Think you got your retirement planned out? Think again as Donald Trump’s plans may affect yours. According to Gallup’s latest survey findings, more than 60% of the elderly population is counting on their Social Security checks for their monthly income while the remaining expect their social security benefits to be a steady source of income that supports them through retirement. However, given the longer life expectancies and the increasing cost of living, it is not recommended to rely solely on the social security system for your retirement income.
Having said that, here’s what Trump said prior to the presidential election on retirement security for Americans:
- I will preserve social security benefits without raising the taxes, cutting down on the benefits or raising the retirement age.
- I will neither raise the social security tax ceiling on earnings nor modify the annual cost of living adjustments.
- I plan to lower the cost of medical care by allowing the import of cost-effective drugs from foreign countries, letting Medicare bargain drug prices and allowing the sale of medical insurance.
- I will implement a comprehensive tax reformation which will streamline income tax by eliminating death tax and alternative minimum tax.
- I will mount a campaign that attacks waste, abuse and fraud in the American government.
According to Trump, sustainable growth in GDP combined with a prudent administration will play a crucial role in securing social security for future generations.
What’s Likely to Change in the Social Security System?
Those nearing retirement can be sure of receiving their benefits as all the reforms being proposed are in the favor of preserving social security. Trump plans to privatize part or all of the social security programs as he believes that directing social security funds into personal saving accounts would swell national savings and this would eventually pump out big money for the country’s economic growth in terms of national investments, increased wages, and improved productivity.

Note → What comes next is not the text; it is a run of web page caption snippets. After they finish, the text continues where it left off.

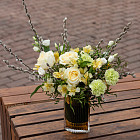 Композиция в вазе «Лимонный крем»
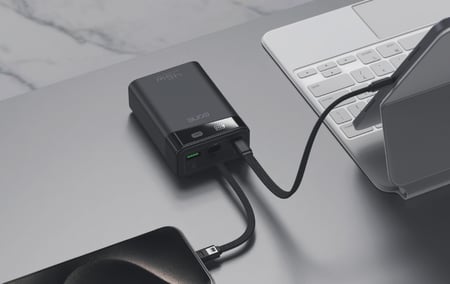 إي ون باور بنك  GLANT سعة 20000mAh  بقوة 45 واط مع كيبل مدمج وقوة 45 واط - أسود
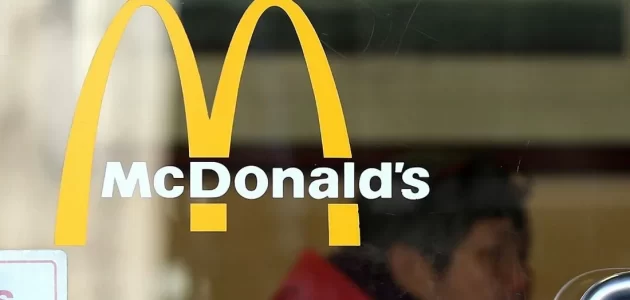 ماكدونالدز العالمية تنفي دعمها لإسرائيل وتؤكد أنها ضد العنف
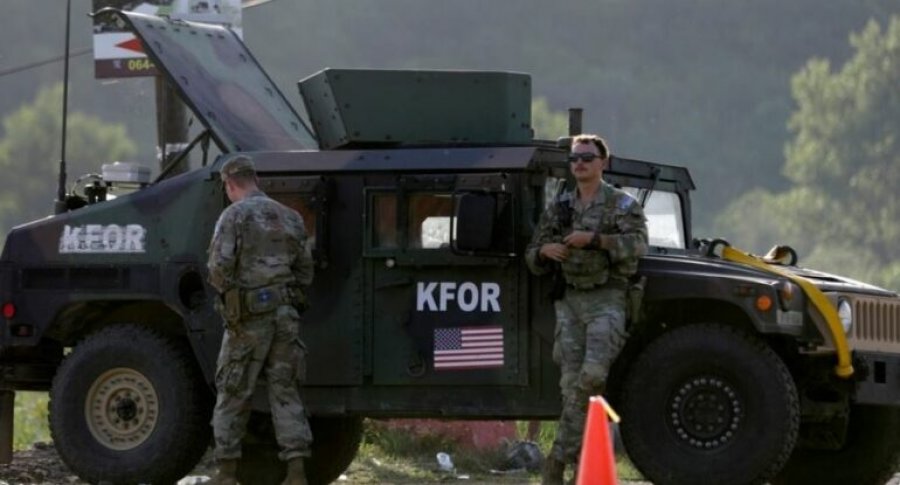 Shtohen forcat e KFOR-it në Kosovë, 130 ushtarë rumunë i bashkohen misionit paqeruajtës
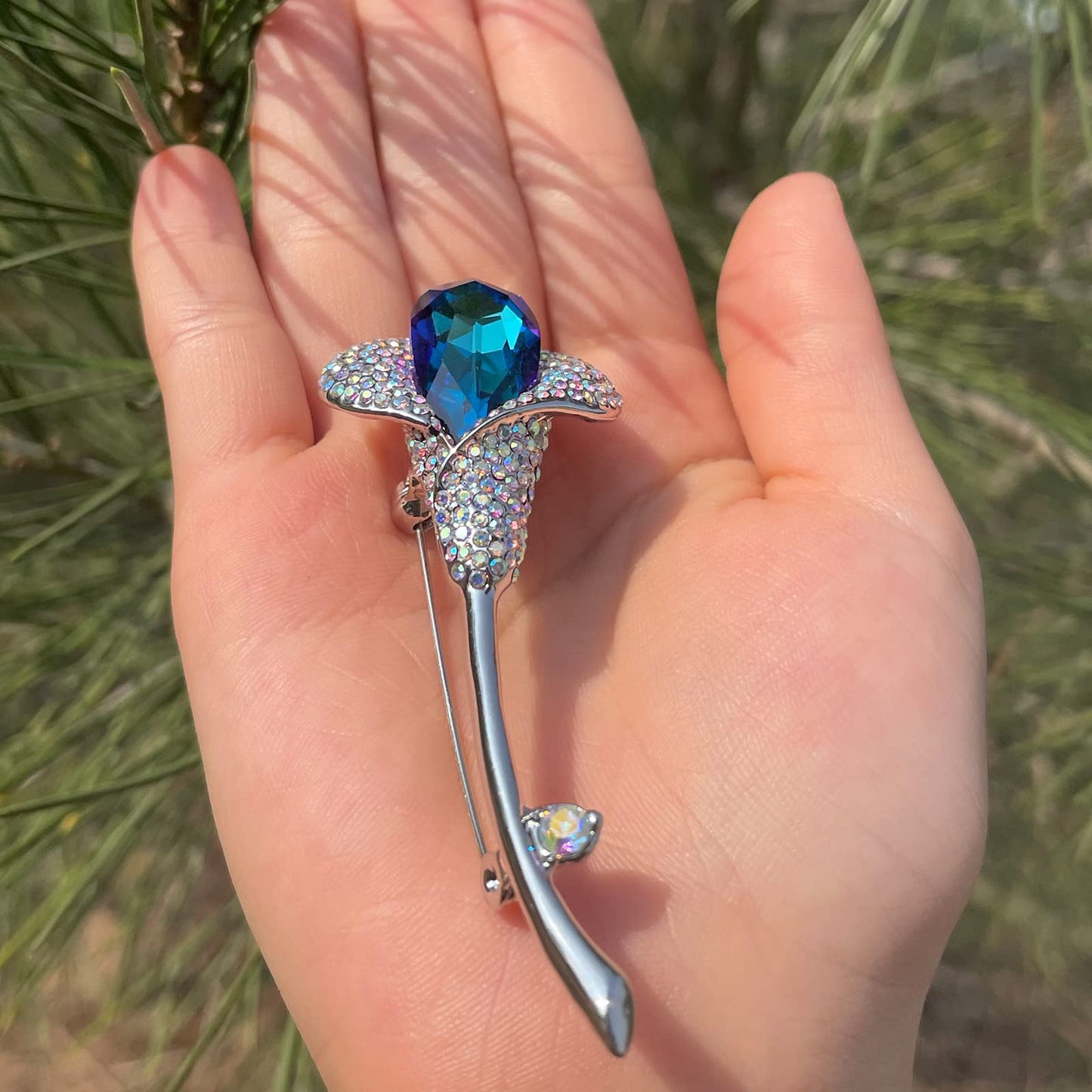 AILONMEI Elegant Pearl Flower Designer Brooch Pins Broches Costume Jewelry For Women Fashion Christmas Gift (Blue Calla Lily)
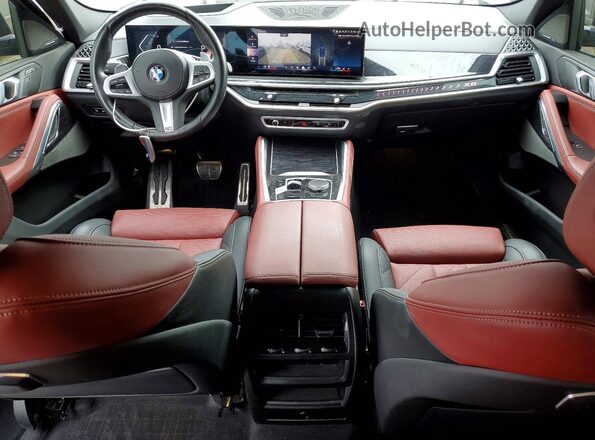 5UX33EX08R9U79072 2024 BMW X6 Черный Вид панели приборов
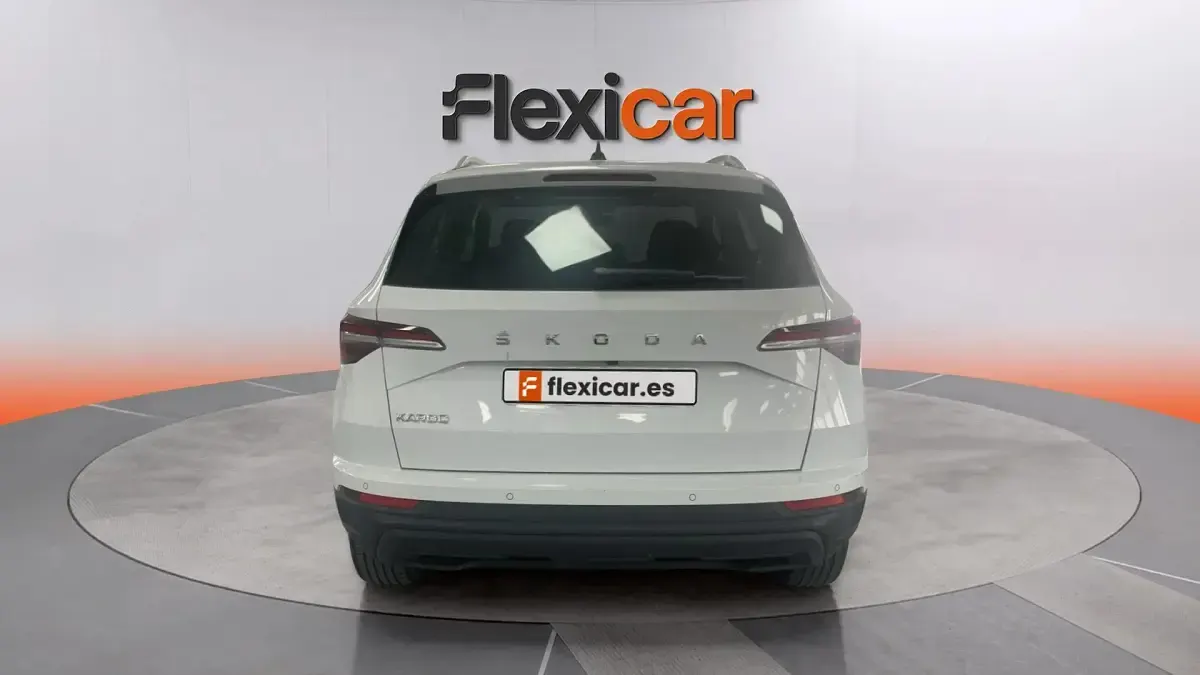 Usado Skoda Karoq Selection 116 CV (85 kW) 2024 Blanco SUV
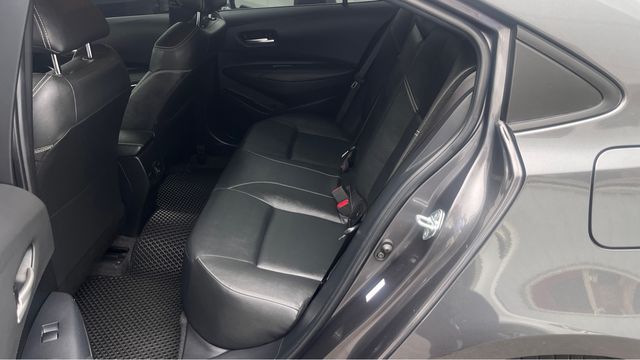 ALTIS 1.8  第8張相片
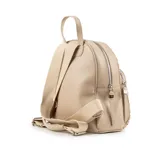 Mochila color beige de cuero sintético con diseño tejido. Tiene un compartimento principal con cierre de solapa, un bolsillo interno con cierre y otro abierto. La correa es regulable y los herrajes son plateados.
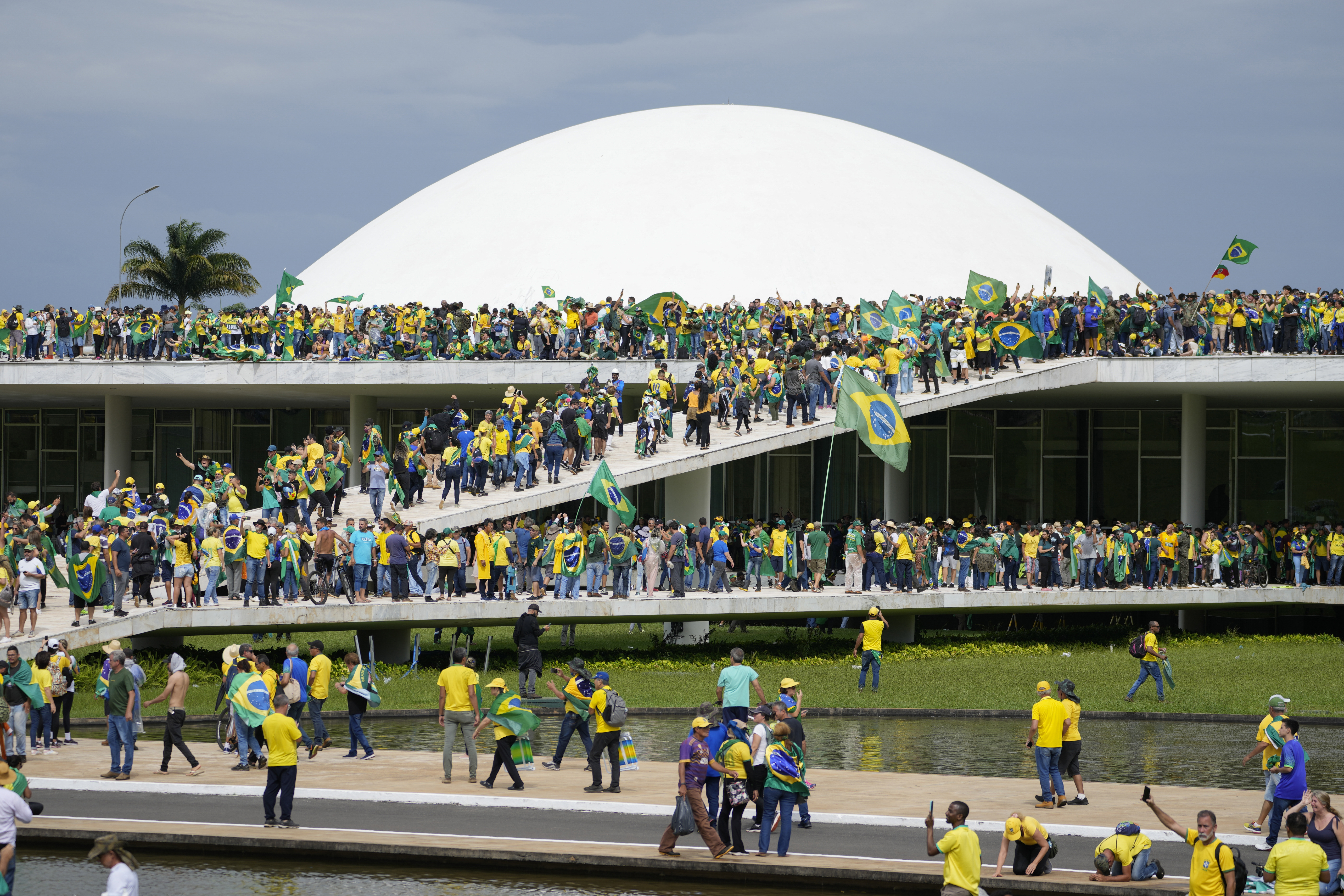 Bolsonaro firma autógrafos en Florida mientras los alborotadores asaltan el Congreso de Brasil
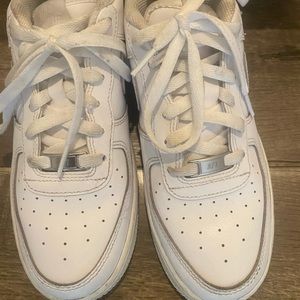 Nike Airforce 1s White Size 6Y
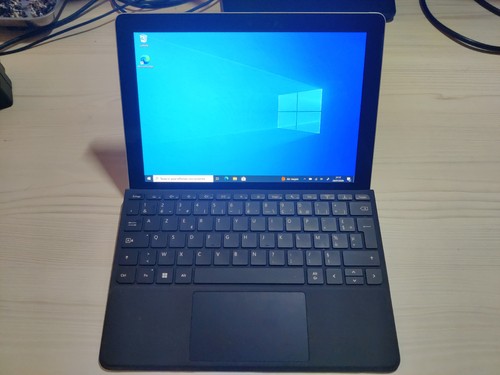 Microsoft surface tablet - 1,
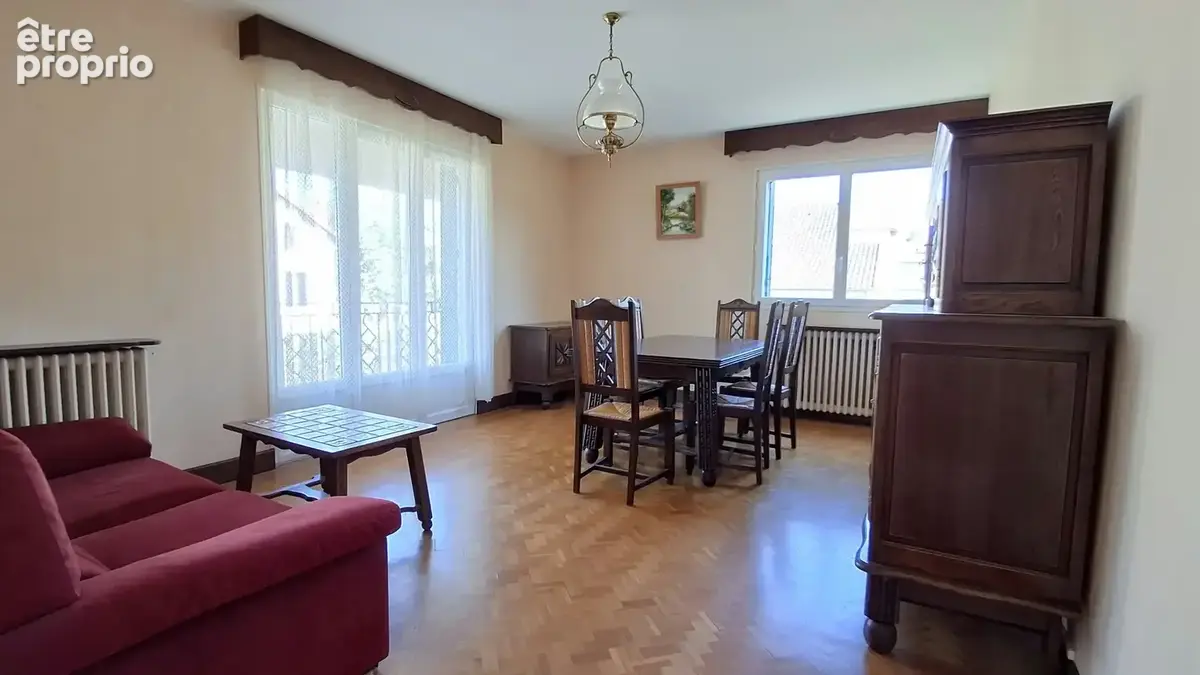 Située à proximité des commodités, maison en rez de chaussée surélevée de 133 m2 habitables sur beau terrain d - photo 7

Trump’s retirement savings plan will act as a catalyst that will bring prosperity to all and it carries a lot of appeal for every American who is counting on social security benefits for retirement returns.
Will Trump Cut Down on Medicare and Taxes?
Donald Trump has planned to cut taxes by $6.2 trillion over the coming decade and has promised to increase the federal spending on veterans and military along with developing national infrastructure. He would reform corporate taxes to include a reduction in the corporate income tax rates. When it comes to Medicare benefits, Trump has offered no practical ideas but promises to protect these benefits by allowing negotiations with pharmaceutical companies.
The Need of the Hour
With 77 million baby boomers all set for retirement and expecting to receive their entitlements, much of Uncle Sam’s spending is likely to get consumed by 2035, giving rise to a long-term funding deficit thereafter. The dollars would then only suffice to pay for 77% of the social security benefits.
This is a wake-up call for retirement investors who would now need to save as much as they can and avoid making any changes in their 401(k) contributions. It is always a great idea to save extra for unpredictable changes. The market will continue to remain volatile until the new specifics come to the surface, so you should be focusing on long-term retirement planning with some tolerance for risk.
While it is most likely that more jobs will be created and the wage situation will improve, you would still need to take pre-emptive action for personal benefits. Keep your personal debts to a minimum and create alternatives to your current source of income. Though trump plans to preserve your social security benefits, healthcare expenses will continue to remain a wildcard. Trump’s economic agenda is still unclear and there is no concrete information available as yet and only time will tell how his reformations affect the retirement planning landscape in America.
To retire confidently with a complete peace of mind, invest in an affordable Medicare plan and contribute consistently to your retirement savings.